------ MATERIAL PROVIDED

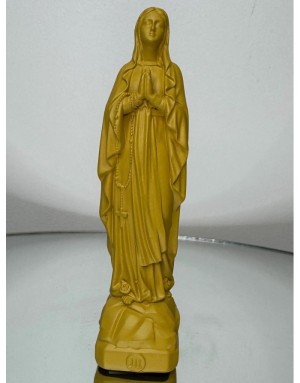 Statuette de la Vierge de Lourdes – Symbole de grâce et de pureté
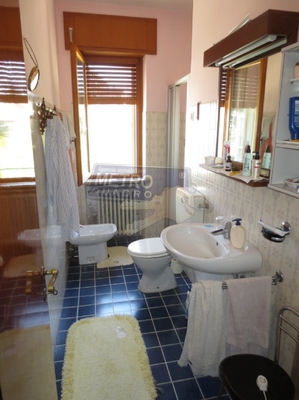 bagno - UNIFAM. AUTONOMA THIENE (VI) NORD 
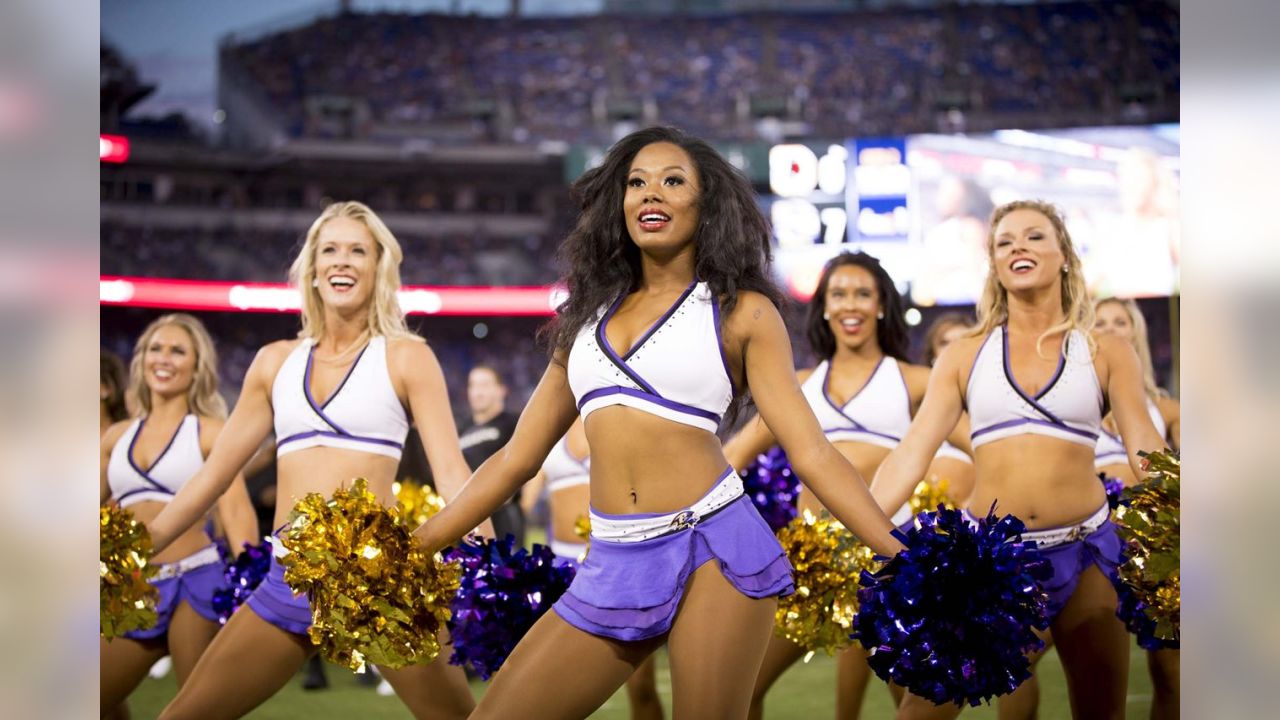 The Arizona Cardinals cheerleaders perform during the first half of an NFL  preseason football game against the Baltimore Ravens, Sunday, Aug. 21, 2022,  in Glendale, Ariz. (AP Photo/Rick Scuteri Stock Photo - Alamy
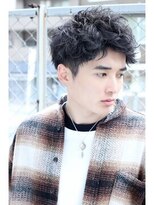 リップス レイ ギンザ(LIPPS Ray GINZA)&nbsp;無造作スパイラルベリショマッシュツーブロック刈り上げ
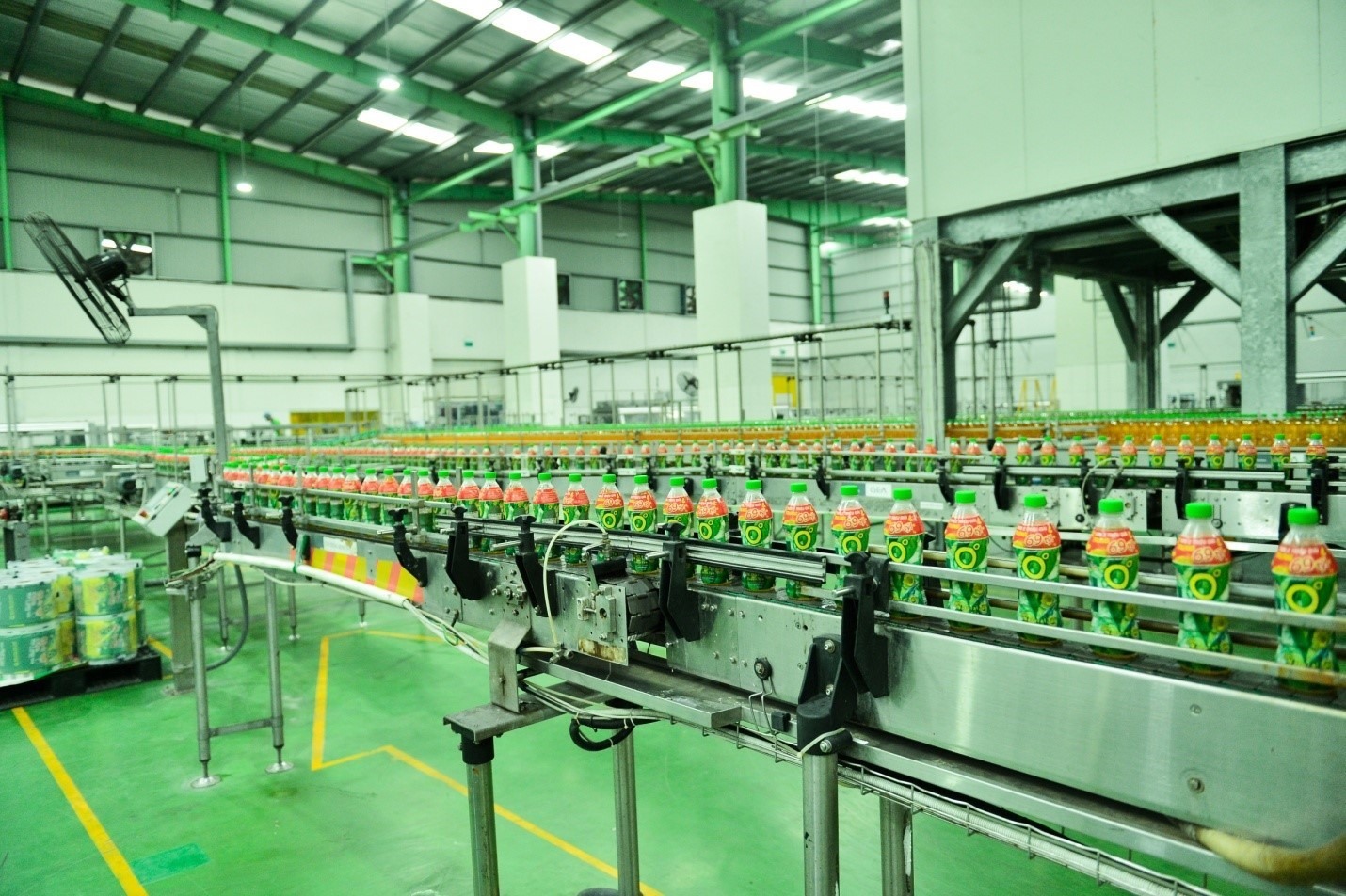 Dây chuyền công nghệ vô trùng Aseptic tại nhà máy Number One Hà Nam. Ảnh: Tân Hiệp Phát.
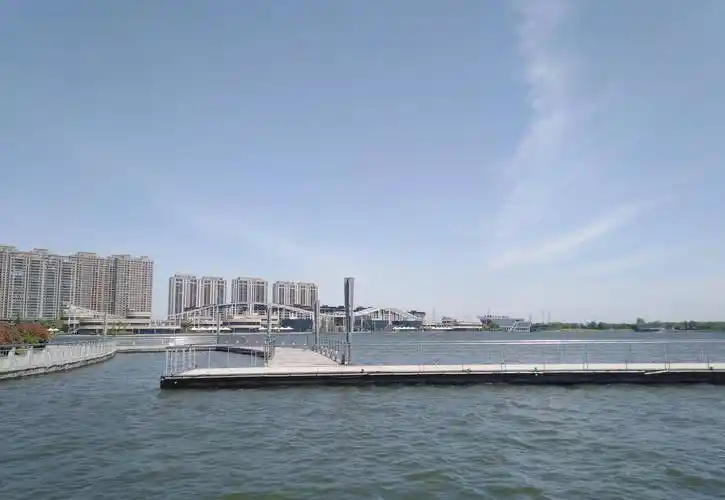 如皋龙游湖走走,游乐场是孩子们的欢乐世界_湖面_太阳_景区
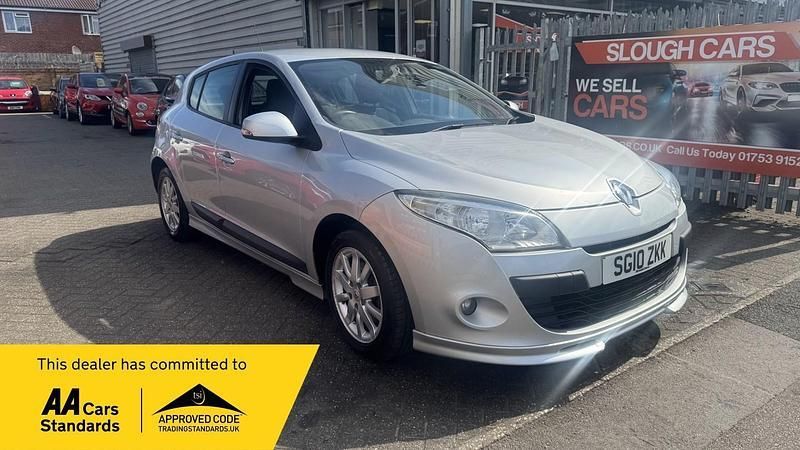 Silver Used 2010 Renault Mégane III Expression Hatchback | £995 (Expensive) - Image 1/4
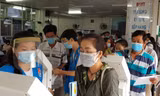 Khu vực bệnh nhân có Bảo hiểm Y tế lãnh thuốc tại Bệnh viện Chợ Rẫy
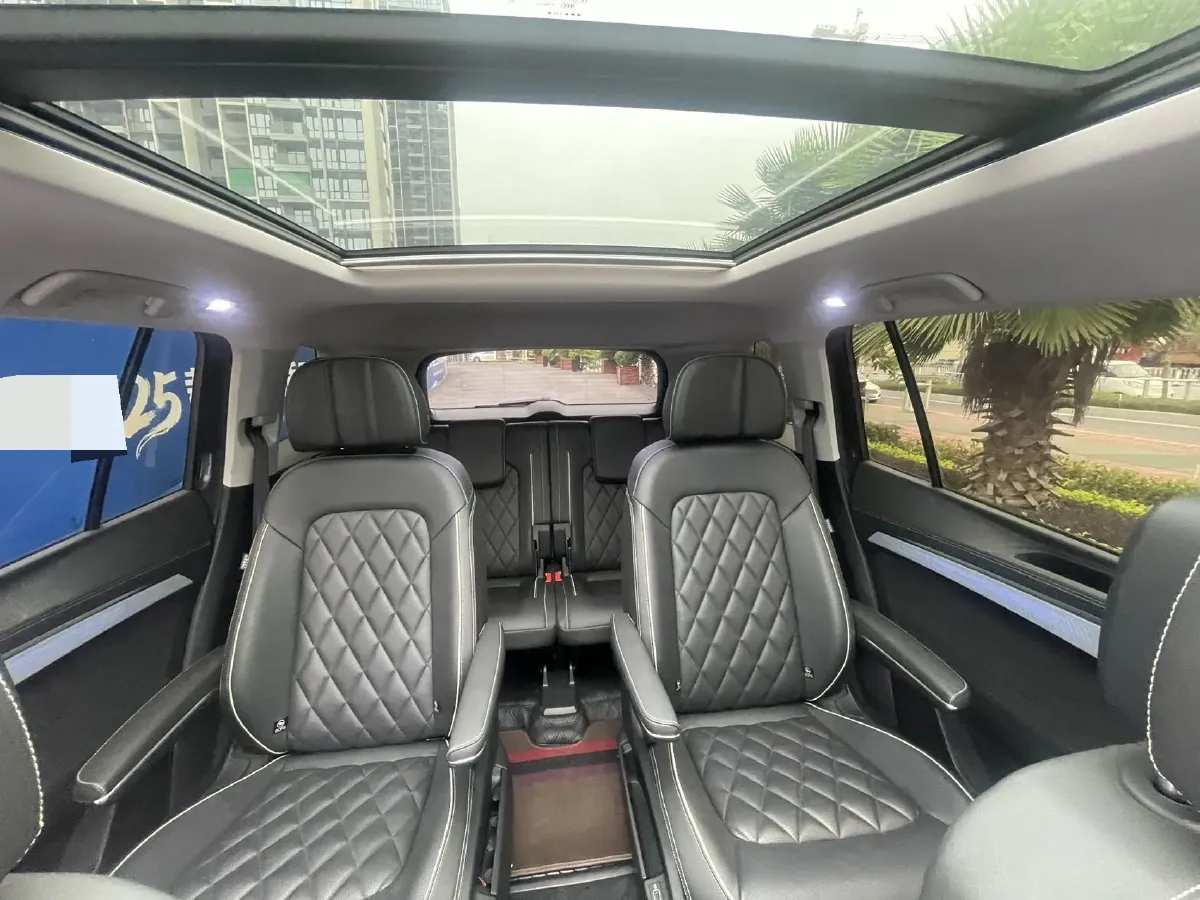 2022 Volkswagen Talagon 2.5T 299HP V6 7DCT,autocango,china used car exporter,china ev exporter,chinese used car exporter,chinese used ev exporter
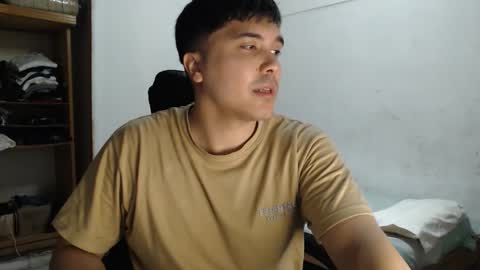 Snapshot of alexriversx chatting on April 1, 1:41 pm Alexander online show from April 1, 1:41 pm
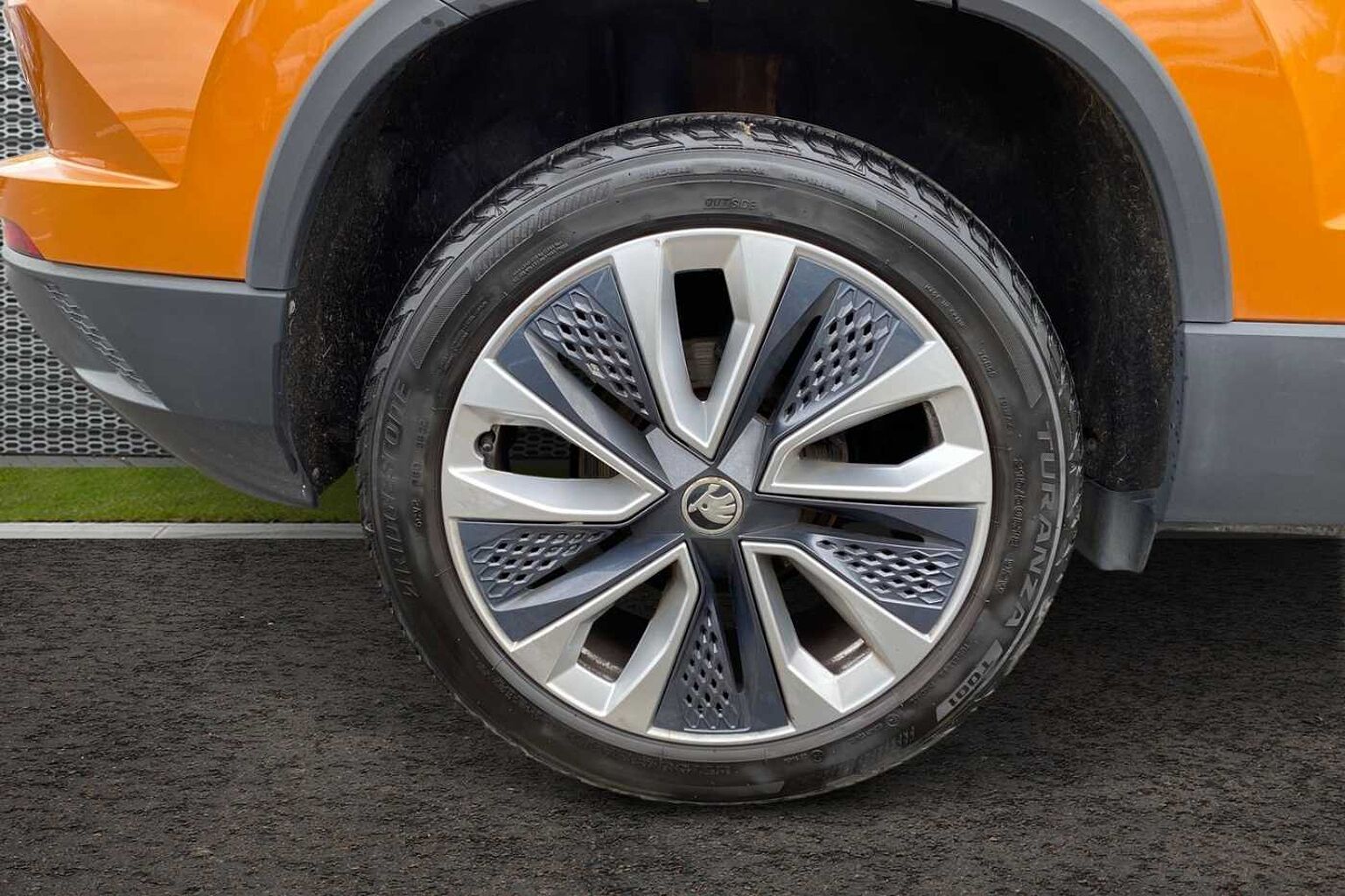 SKODA KAROQ Estate SE L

------------

EXERCISE DIRECTIONS: Repeat the listing above exactly, omitting the pictures it contains.

TASK ANSWER:
 Statuette de la Vierge de Lourdes – Symbole de grâce et de pureté
 bagno - UNIFAM. AUTONOMA THIENE (VI) NORD 
 The Arizona Cardinals cheerleaders perform during the first half of an NFL  preseason football game against the Baltimore Ravens, Sunday, Aug. 21, 2022,  in Glendale, Ariz. (AP Photo/Rick Scuteri Stock Photo - Alamy
 リップス レイ ギンザ(LIPPS Ray GINZA)&nbsp;無造作スパイラルベリショマッシュツーブロック刈り上げ
 Dây chuyền công nghệ vô trùng Aseptic tại nhà máy Number One Hà Nam. Ảnh: Tân Hiệp Phát.
 如皋龙游湖走走,游乐场是孩子们的欢乐世界_湖面_太阳_景区
 Silver Used 2010 Renault Mégane III Expression Hatchback | £995 (Expensive) - Image 1/4
 Khu vực bệnh nhân có Bảo hiểm Y tế lãnh thuốc tại Bệnh viện Chợ Rẫy
 2022 Volkswagen Talagon 2.5T 299HP V6 7DCT,autocango,china used car exporter,china ev exporter,chinese used car exporter,chinese used ev exporter
 Snapshot of alexriversx chatting on April 1, 1:41 pm Alexander online show from April 1, 1:41 pm
 SKODA KAROQ Estate SE L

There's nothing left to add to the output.